In the laboratory, exotic neutral silicon-containing molecules can be produced and spectroscopically characterized by combining spectroscopic techniques with electrical discharge sources. In this work, using mass-selective IR-UV ion dip spectroscopy coupled with a molecular beam and the free electron laser FELIX (Nijmegen, The Netherlands), we have investigated the electrical discharge chemistry of phenyl silane in selected IR regions (500 – 3200 cm−1) [2]. Such broad coverage provides significant information about the structure and chemical composition of the discharge products formed in the experiment. The aim is to investigate the variety of discharge products generated by the electrical discharge experiment of pure phenyl silane. Numerous fragments, products, and reaction intermediates are identified by mass-selective IR-UV spectroscopy combined with quantum-chemical calculations.

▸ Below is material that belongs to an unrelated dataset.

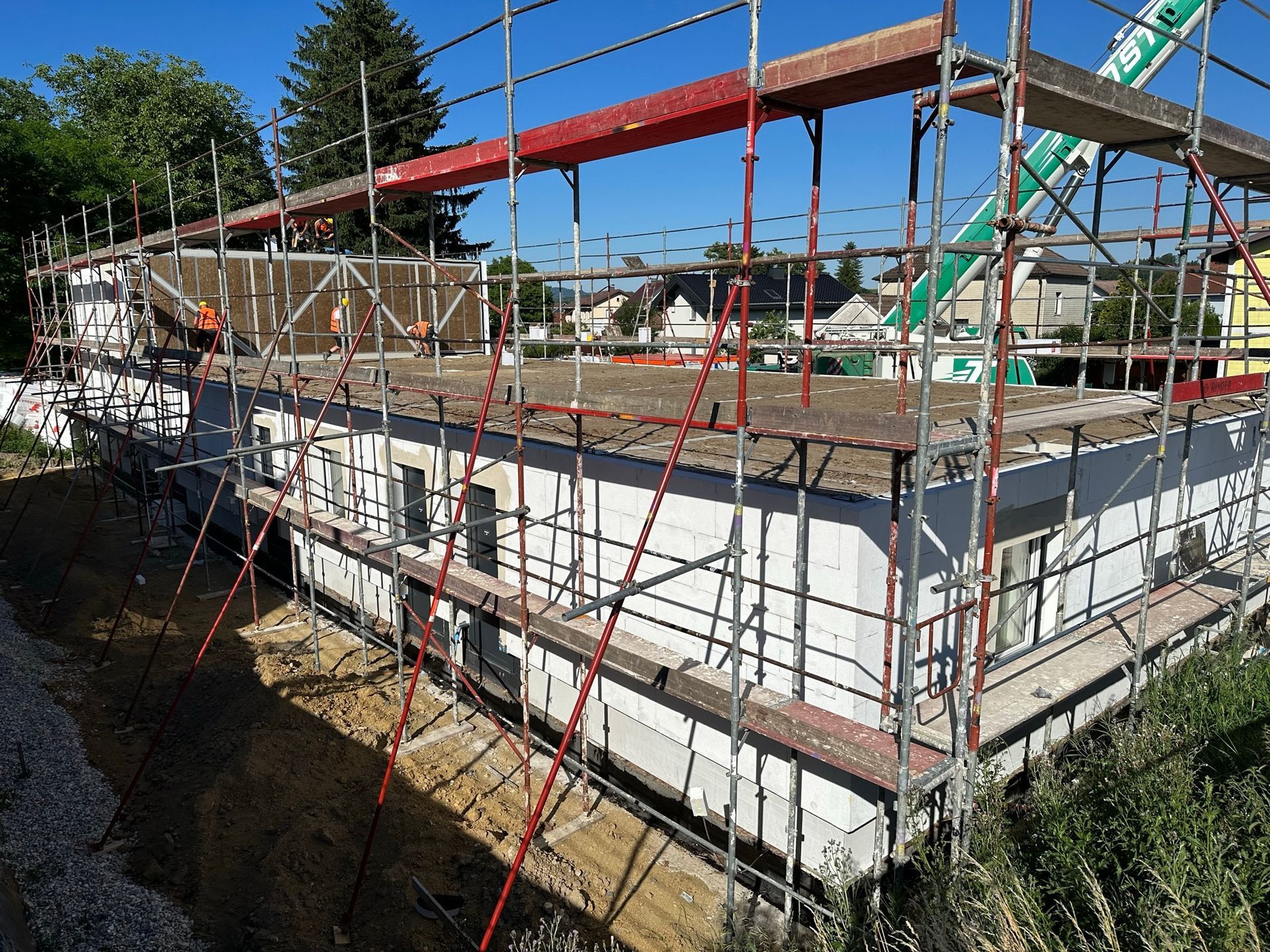 Baustelle mit Gerüst um ein einstöckiges Gebäude; blauer Himmel, grünes Gras.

[1] B.A. McGuire, A.M. Burkhardt, S. Kalenskii, C.N. Shingledecker, A.J. Remijan, E. Herbst, M.C. McCarthy, Detection of the aromatic molecule benzonitrile ( c- C6H5CN) in the interstellar medium, Science. 359 (2018) 202–205.
[2] A.K. Lemmens, D.B. Rap, J.M.M. Thunnissen, B. Willemsen, A.M. Rijs, Polycyclic aromatic hydrocarbon formation chemistry in a plasma jet revealed by IR-UV action spectroscopy, Nat. Commun. 11 (2020) 269.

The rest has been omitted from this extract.